* _REQUIRED ACTION_: Write out every line below again exactly as it stands, skipping each image.

* _DATASET CONTENT_:
______________________________
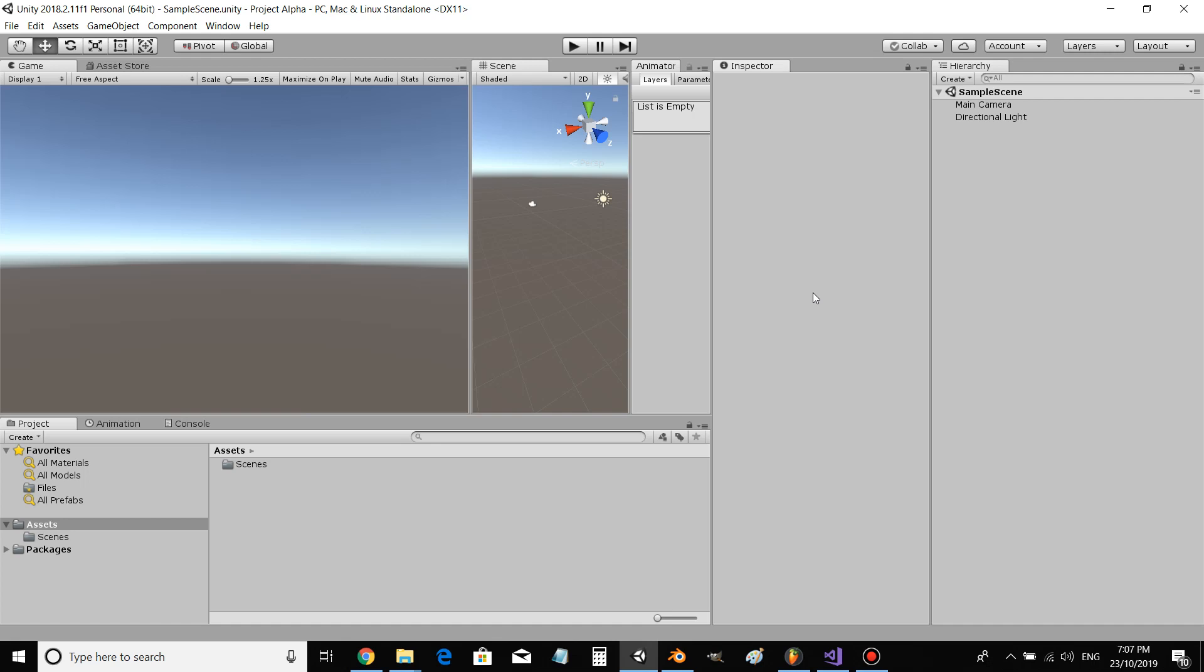Hey everyone, welcome to my new series. This is Project Alpha.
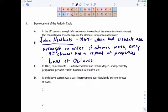In 1869, two chemists working independently of each other — Dmitry Mendeleev in Russia and Lothar Meyer in what would be known as Germany — both independently proposed a periodic table based on Newlands' law. While both discovered it, we really credit Dmitry Mendeleev for his work, even though Meyer came up with the same idea at the same time.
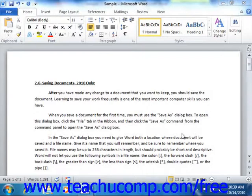Word provides you with tools that assist you in managing your workspace when you have multiple documents open. In Word, you can have many documents open at a time in order to perform functions like copying and pasting text between them, for example.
______________________________
* _RESPONSE_:
Hey everyone, welcome to my new series. This is Project Alpha.
In 1869, two chemists working independently of each other — Dmitry Mendeleev in Russia and Lothar Meyer in what would be known as Germany — both independently proposed a periodic table based on Newlands' law. While both discovered it, we really credit Dmitry Mendeleev for his work, even though Meyer came up with the same idea at the same time.
Word provides you with tools that assist you in managing your workspace when you have multiple documents open. In Word, you can have many documents open at a time in order to perform functions like copying and pasting text between them, for example.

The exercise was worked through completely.